A cold certainty settled over her. She had returned to find answers, but the town refused to give them freely. And the thought that she might have caused Eliza's disappearance gnawed at her relentlessly. Each step, each memory, each fleeting shadow seemed to reinforce the guilt she didn't fully understand.

Outside, the wind whispered through the trees. Charlotte turned and saw figures watching from windows — fleeting shapes, half-hidden, their eyes too bright, too alert. She didn't recognize them, yet something deep in her chest told her they knew more than they should. The town had been waiting for her return, and the weight of it pressed down with every heartbeat.

She pulled her coat tighter around her and started walking, refusing to look back. Every corner of Grey Hollow seemed alive, stretching, twisting, reshaping itself around her perception. She could feel it watching, listening, deciding how much to show her, how much to hide.
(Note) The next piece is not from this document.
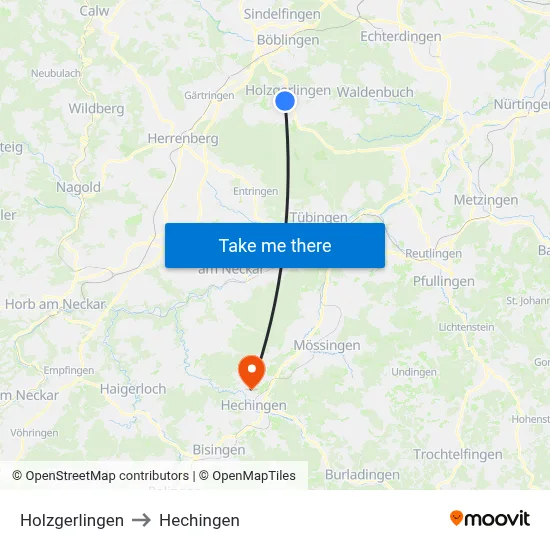 Holzgerlingen to Hechingen map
And somewhere in the folds of the night, in the flickering edges of shadow and memory, Charlotte thought she saw Eliza's face again. Just a glimpse. Just a fragment. Then gone.

The hollow air whispered around her. You will remember. You will see. You cannot undo what has been done.

Charlotte's hands trembled as the cold pressed deeper into her bones. The town wasn't just silent or indifferent — it was alive. And for the first time, she realized that finding Eliza might not be about saving her. It might be about surviving the town itself.